A: The coefficients $a, b, c, f, g, h$ are only determined up to proportionality; if you multiply them all by the same amount, you get the same shape. For example, $2x^2 + 3y^2 = 0$ and $4x^2 + 6y^2 = 0$ give you the same shape.
This means you can set one of the coefficients arbitrarily and then solve for the other two. Let's say you set $f = 1$. Then you can solve $3g - 2h = 6$ and $-3g + 6h = 2$. The solution is $(g, h) = \left(\frac{10}{3}, 2\right)$. If you want all your coefficients to be integers, then you could multiply them all by 3 and say $(a, b, c, f, g, h) = (0, 0, 0, 3, 10, 6)$.
A: You don't need $6$ variables to solve.
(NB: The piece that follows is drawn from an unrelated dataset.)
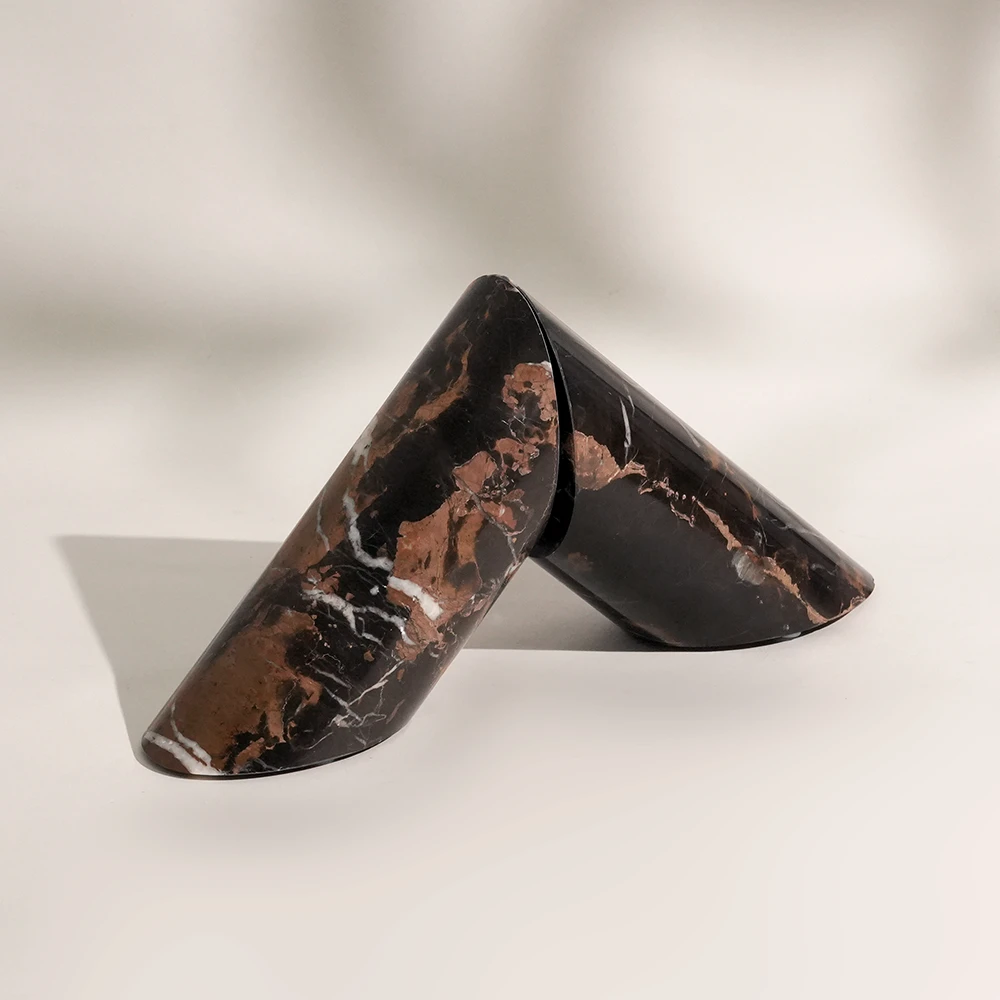 Portoro Marble Bookends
There are only $5$. You have assumed one extra variable. Take the equation to be :
$$x^2+\frac{b}{a}y^2+\frac{c}{a}z^2+\frac{2f}{a}yz+\frac{2g}{a}zx+\frac{2h}{a}xy=0 $$$$\implies x^2+b'y^2+c'z^2+2f'yz+2g'zx+2h'xy=0 ~~(\text{5 variables only})~~$$
Just like if you assume straight line equation to be $ax+by+c=0$, you need to solve for $3$ variables. In fact, you need only $2$, slope and $y ~\text{(or}~ x)$-intercept.
Now you may proceed.